- _Your objective_
A faithful copy of the listing below is needed, one that contains no pictures.

- _Dataset section_
BEGIN
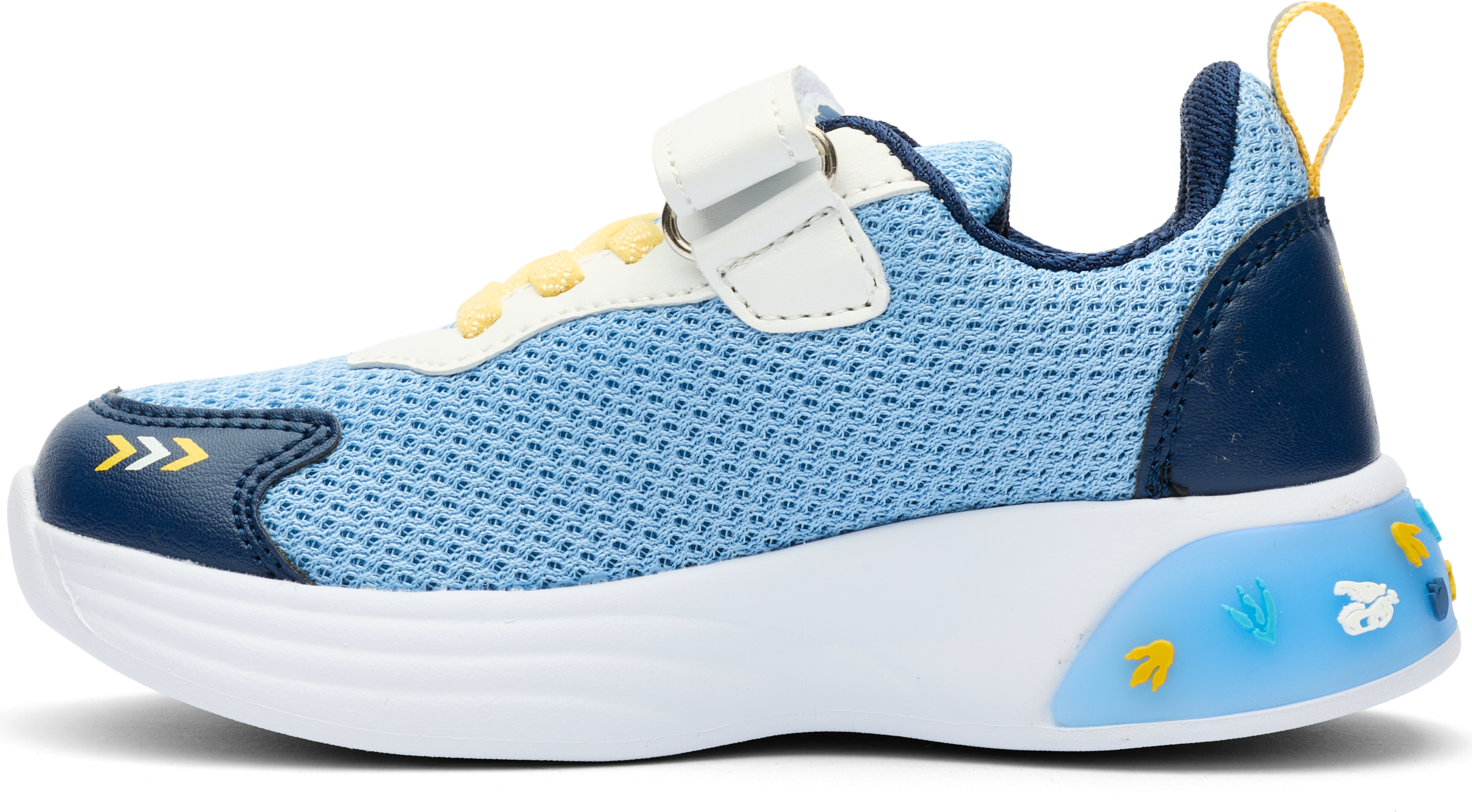 SPIRIT VIBES, BLINKING SNEAKERS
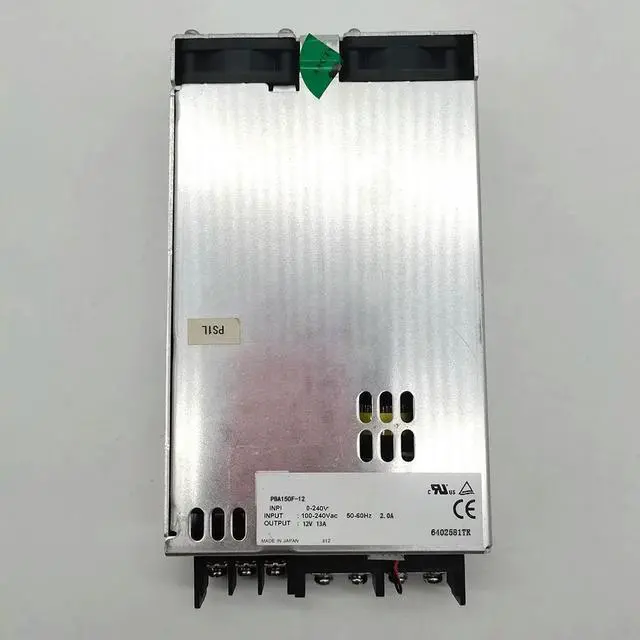 Alt view image 2 of 2 - Switching Supplies PBA150F-12 156W Tested Before Shipment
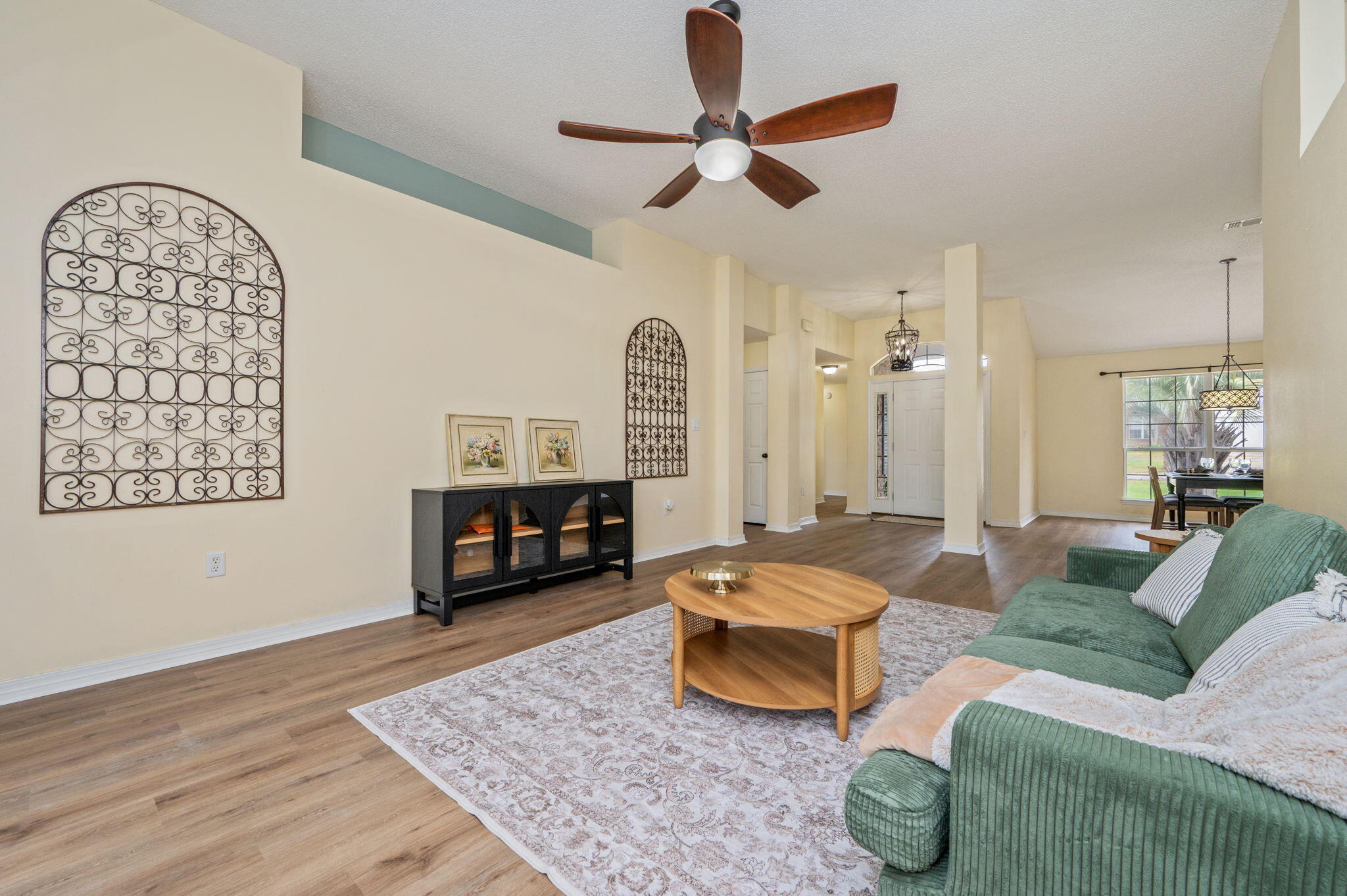 BROOKE ESTATES PH I - Residential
END
- _Answer for the task_
 SPIRIT VIBES, BLINKING SNEAKERS
 Alt view image 2 of 2 - Switching Supplies PBA150F-12 156W Tested Before Shipment
 BROOKE ESTATES PH I - Residential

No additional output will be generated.